The reported performance of the proposed pipeline could be further improved by correcting the inconsistency present in the manual contouring. Also, the weighting parameter α could be selected automatically by introducing it as a trainable parameter. Moreover, the current 3D‐CNN was trained using CT scans without contrast material, and therefore is unlikely to perform well on scans acquired with contrast. In case the clinical protocol dictates contrast‐enhanced CT acquisitions, the network could be easily retrained. We may further investigate the effect on segmentation performance of CT clipping as a preprocessing step for the 3D‐CNN for bladder segmentation. We also consider developing an end‐to‐end neural network to jointly optimize the registration and segmentation tasks to further improve the system robustness and accuracy.
5. Conclusion
In this study, we proposed a registration pipeline for automatic contour propagation for online adaptive IMPT of prostate cancer using the open source package elastix software in combination with deep learning. The proposed pipeline achieved a geometrical success rate of 97%, 93%, and 87% for the prostate, seminal vesicles, and lymph nodes, respectively, for HMC dataset as well as 67% and 71% for the prostate and seminal vesicles, respectively, for ECM dataset. The HMC automatically propagated contours meet the dose coverage constraints in 86%, 91%, and 99% of cases for these targets. A Conservative Success Rate (CSR) of 80% was achieved, meaning that 80% of the automatically generated treatment plans can be directly used without manual correction.

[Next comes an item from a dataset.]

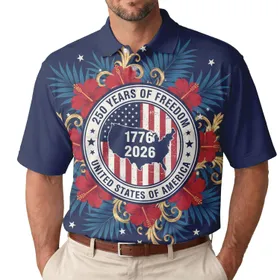 USA 250th Anniversary: Freedom Map 1776-2026, Flag, Hibiscus, Gold Scrollwork Men's Polo Shirt (Lightweight)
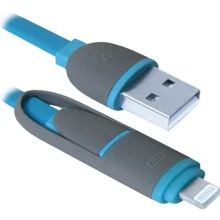Кабель Defender USB Cable to Lightning/microUSB 1m Blue (87487): Тип USB Cable - Lightning/microUSB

This recontouring showed a promise for generating daily treatment plans. Moreover, it showed a substantial improvement in the system robustness compared to a previous open source method, which means that more treatment plans can be directly used without manual correction, which is a crucial factor for enabling online daily adaptation, and thus, the use of relatively small treatment margins. Therefore, the proposed method could facilitate online adaptive proton therapy of prostate cancer. The authors have no relevant conflicts of interest to disclose.
Acknowledgments
This study was financially supported by Varian Medical Systems and ZonMw, the Netherlands Organization for Health Research and Development, grant number 104003012. The HMC dataset with contours was collected at Haukeland University Hospital, Bergen, Norway, and was provided to us by responsible oncologist Svein Inge Helle and physicist Liv Bolstad Hysing; they are gratefully acknowledged.